I don’t know how it happened. I somehow managed to develop a deep connection with a nameless narrator. I cannot decide if it’s her curiosity, perseverance, or profound mind that attracts me to her; regardless, consider me charmed. I also cannot tell if I want to be her or be her friend. I think I want to believe that she and I have things in common, though it’s notoriously difficult to accurately judge ourselves. A clear sign of my fascination was when I found myself writing down many thought-provoking questions that she asked herself throughout. I clearly did not want to forget what the nameless narrator had to say. There was one question that I felt particularly gripped to, and fortunately, it kept developing as the plot evolved. The question being: what does it feel like to love someone?
To provide a brief background – the novel I Who Have Never Known Men depicts a dystopian society where forty women are trapped underground. There comes a day when they are freed and must navigate their way back to a stable condition, which, spoiler, does not really happen. At least not in the way most people would classify ‘stability.’ As is life, many of the women eventually die and the 40th prisoner, the nameless girl, is left to fend for herself.
Earlier in the novel, when all the women are still alive, there is discussion around the older womens’ former partners and children from the real world. The word ‘love’ is thrown around sometimes, but the girl doesn’t have a firm concept of what this could mean. She makes it clear though, time and time again, that she wants to learn everything she can so this concept of so-called ‘love’ sticks with her.
If we fast forward towards the end of the book, the main character is left with one fellow prisoner and friend. When that friend eventually passes away, she revisits the conversation on love and narrates to herself that what she felt towards her friend must be the feeling the other women spoke about all this time. The feeling of wanting to care for someone and prioritize their happiness over your own. The deep care and affection that comes with seeing your soul reflected in another. I find the discovery she undergoes to be beautiful yet chilling because we often just assume that certain feelings feel such an obvious way. But through the human experience analysis that this book explores, I found myself disentangling my own feelings and attempting to determine what exactly certain common feelings feel like. Specifically love.

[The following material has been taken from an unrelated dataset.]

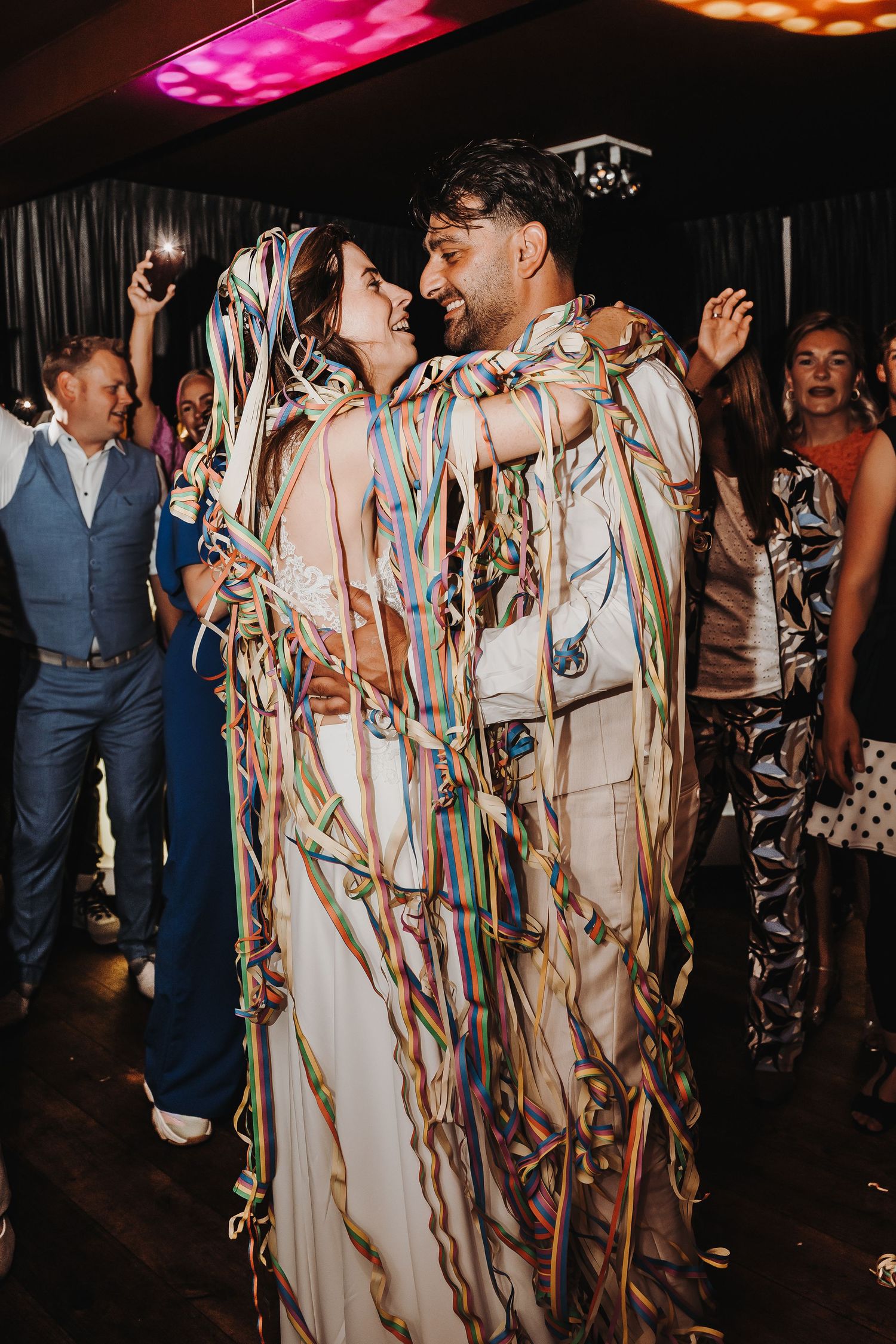 Wedding party dancing and celebrating with colorful streamers in a dark reception venue.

That brings me back to my burning question: what does it feel like to love someone? If I really sit here and try to break it down… my first thought is that it feels warm and safe. It feels like the cozy sensation you get when curled up on the couch as it’s snowing outside but you’re in a furry blanket watching a movie inside. It feels like the sun hitting your face – just warm enough to bask, yet cool enough to avoid sweating. It feels like unwinding in a hot bath with lights dimmed, candles burning, and slow music playing.
In a very literal sense, you feel the excitement when someone you love walks into a room, or even nervous energy before engaging. What it really feels like is wanting the person you love to hold you and touch you and never let you go. The safety in being close to them and not feeling strange about making physical contact even when that wasn’t the intention. It almost feels like you magnetize to one another and it takes physical strength to separate. You both observe the touch and choose to stay exactly as you are. Love is the comfort in wanting to be vulnerable with someone because you so deeply trust that they will only love you more for it. The more they see of your soul the closer you both feel.

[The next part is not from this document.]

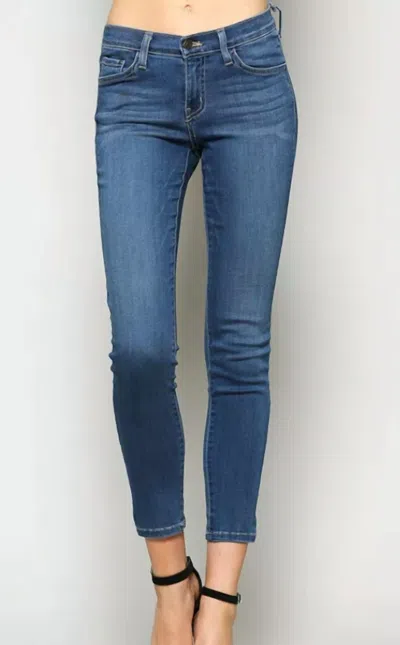Flying Monkey Mid Rise Ankle Skinny Jeans In Blue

When you feel seen, your brain feels understood. That is another unique feeling that comes with love. The one you love is curious about how you think and wants to uncover the meaning of life with you. They want to know the philosophy of being and understand why you are the way you are. They admire you for it. Loving someone means genuinely wanting what is best for them with no feelings of envy for their success. Their successes fill you in a way that surprises you. You want to put the person you love first and make them feel heard and appreciated. It would kill you to see them sad or misunderstood. Love in some ways is a sacrifice of oneself, not only knowing you can and should put someone close to you first, but deeply wanting it so much that it almost becomes selfish; seeing them happy makes you feel happy. Love is something that can be felt with endless relationships in your life, but there are always some that feel most intense, and that’s perhaps why they are so special.
It is so melancholic to me that the nameless girl in I Who Have Never Known Men found the opportunity to experience love and understand what makes it special. I find it odd that I feel this way since it is a good thing she felt that, really. But I think I feel sad that she felt such a sensation so little in her life that she was able to pinpoint the moment when she thought she finally understood the feeling. While we know conceptually that love is a tender and remarkable feeling, we do sometimes forget how to observe it and nourish it.
If I were to reframe this, though, how lucky am I to have always distinctly understood the feeling of love. Not to mention, the additional fortune in knowing how many times in my life I’ve thought “in this moment I really feel so strongly for the person across from me.” Those moments where you sit presently and just take the person across from you in and feel ever so grateful. My mind quickly floods with several of these moments in time and it warms yet saddens me, as some is love lost.
Love is such an interesting and complex feeling, I will always wonder how we are created as beings with the potential to experience such a wild and deeply complicated feeling. This book brought me back down to earth, to the basics of being, and reminded me of the sheer blessing it is to feel so strongly. Whenever I start to take this for granted, the antidote is I Who Have Never Known Men.